Week Ten Flashcards
(11 cards)
For multiple linear regression what must the explanatory variable be?
Continuous or dichotomous/binary (dummy variables)
For multiple linear regression what must the dependant variable be?
Continuous (interval or ratio)
Define collinearity
When two variables are highly correlated, they are a near perfect linear combination of one another.
Define multicollinearity
When two or more variables are highly correlated.
What happens as multicollinearity increases?
The estimates of the coefficients become unstable, standard error too high, and the t-statistic too low.
What is tolerance?
The percentage of variance in the x variable that cannot be explained by the other x variables.
What does it mean if tolerance is very low?
The predictor variable is redundant. But if fit is lower than 0.1 then we must investigate further.
What is the calculation for variance inflation factor (VIF)?
1 ➗ tolerance.
If this is higher than 10 we must investigate further.
Is heteroskedasticity a significant problem?

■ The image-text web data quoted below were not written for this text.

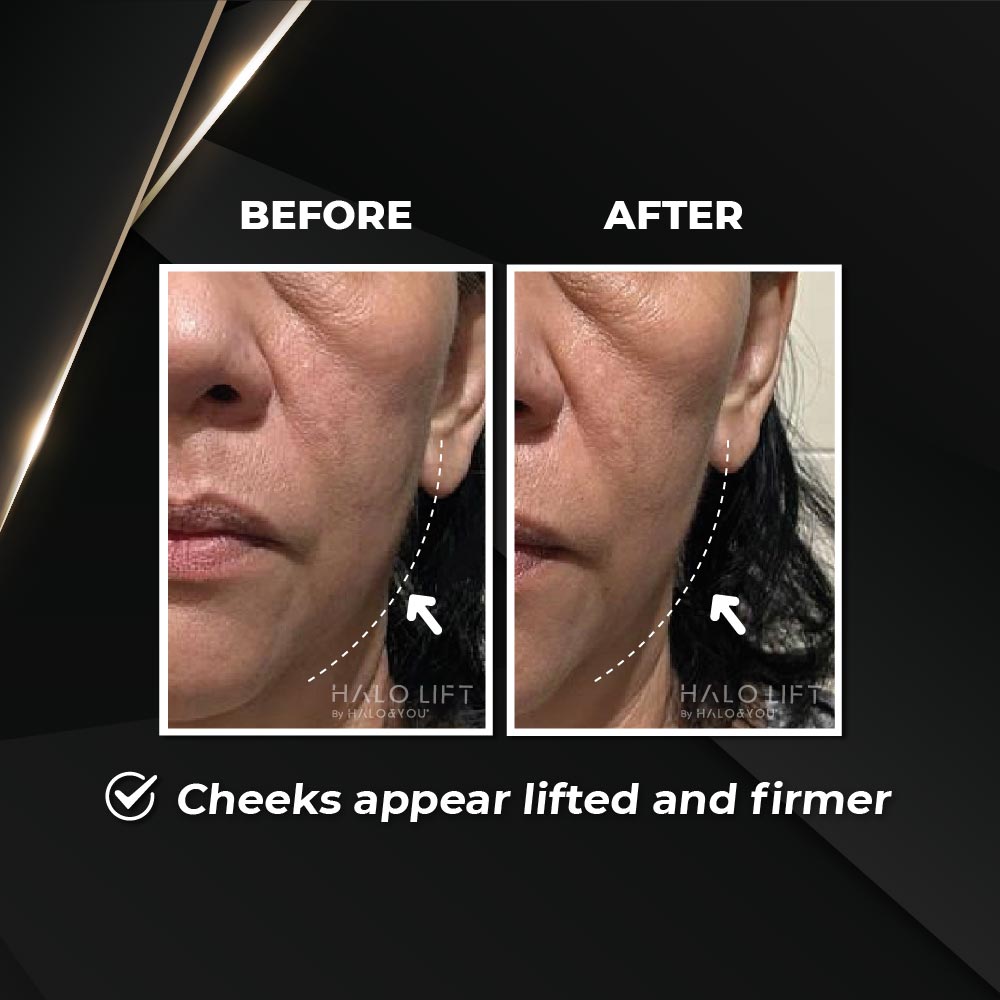 PRE-ORDER (BUY 1 FREE 1) Halo Lift Firming Essence Mist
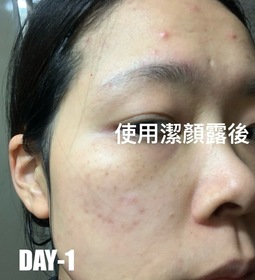 00KAT00 - Neogence 霓淨思 2% 6酸抗菌控油潔顏露 使用心得圖片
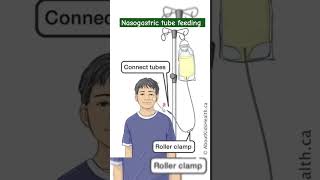 Nasogastric tube feeding  Ryles tube mbbs neet motivation aiims medical hospital [upl. by Bern83]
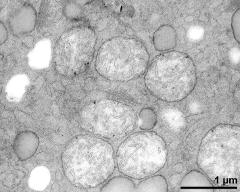 mitochondria in vegetative cytoplasm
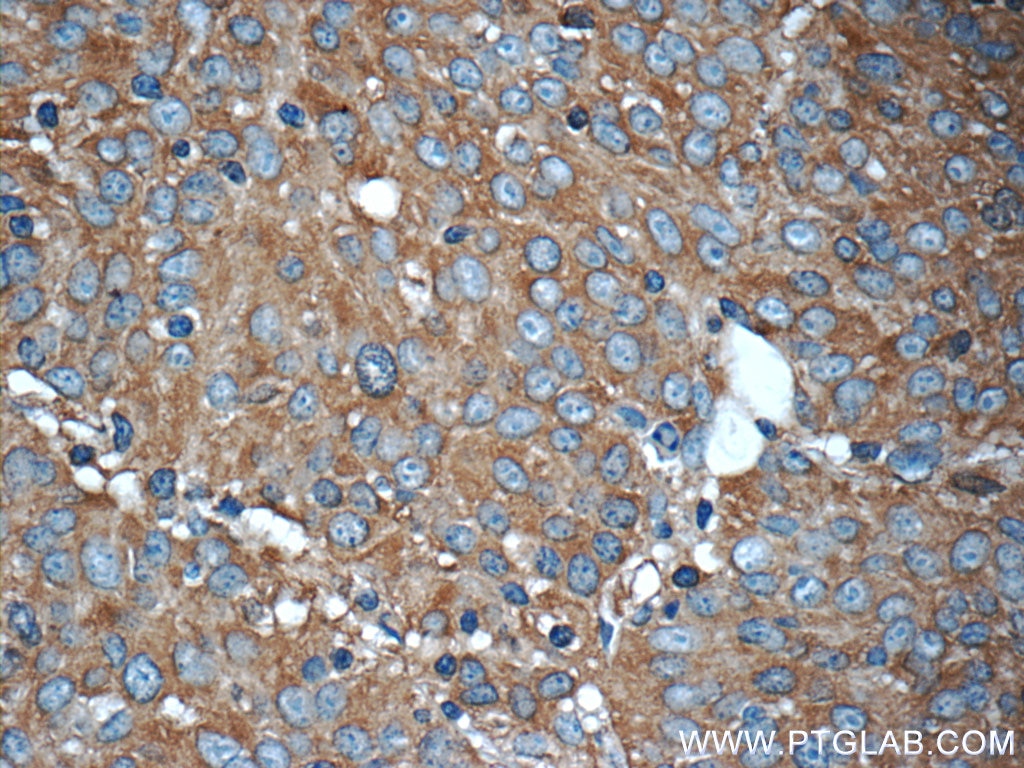 Immunohistochemistry (IHC) staining of human lung cancer tissue using PKLR Polyclonal antibody (22456-1-AP)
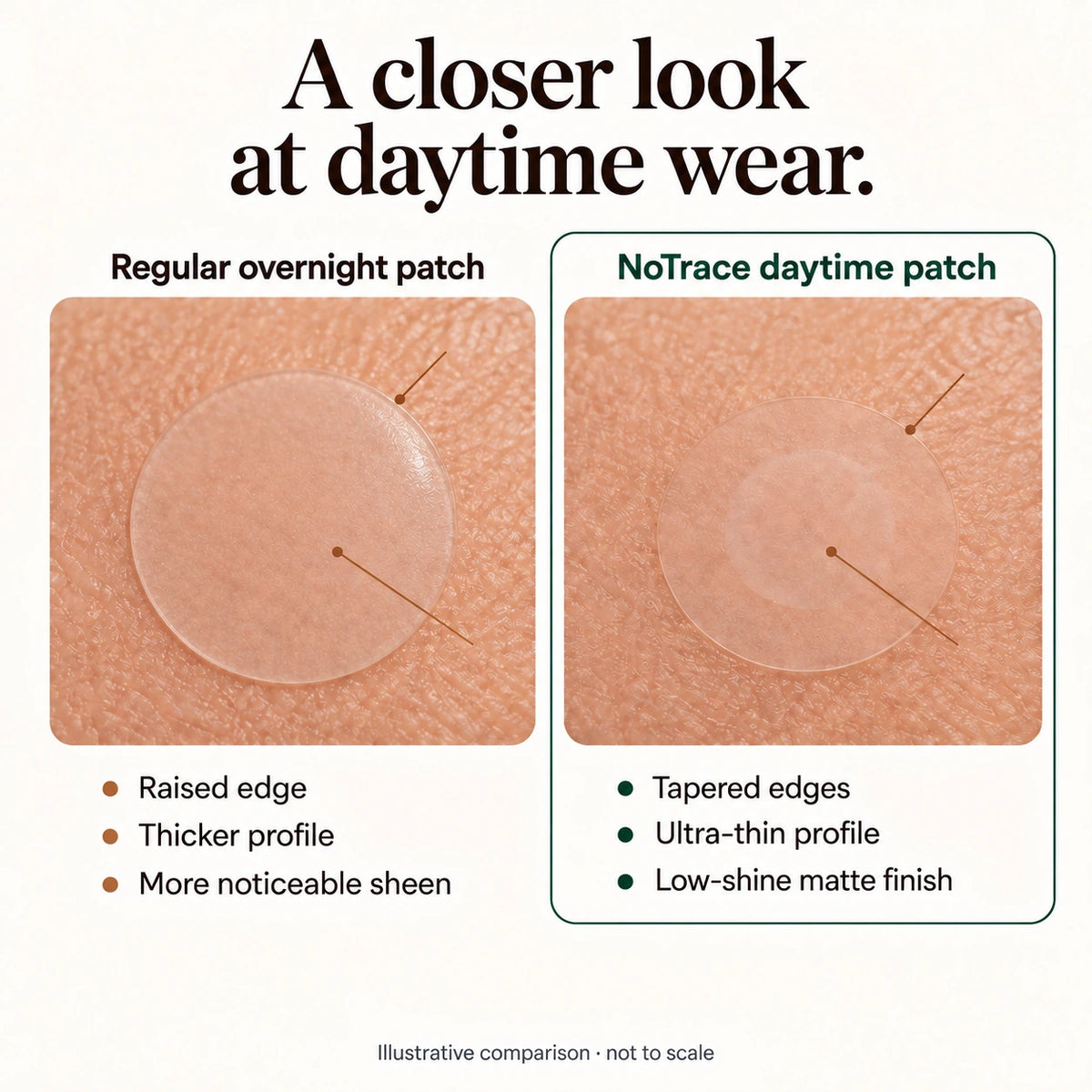 Illustrative comparison of a normal overnight patch and NoTrace's thin tapered edges and matte finish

No although the estimated of standard error, t-value and p-values will be inaccurate, it won’t be excessive. So long as the x-variables are symmetric and about their means the OLS estimates will still be unbiased.
What is dummy coding?
Dummy coding allows us to use categorical or nominal data in linear regression models.
How do we dummy code?
We convert the variable in 0s and 1s for each category except one, making many variables out of one variable.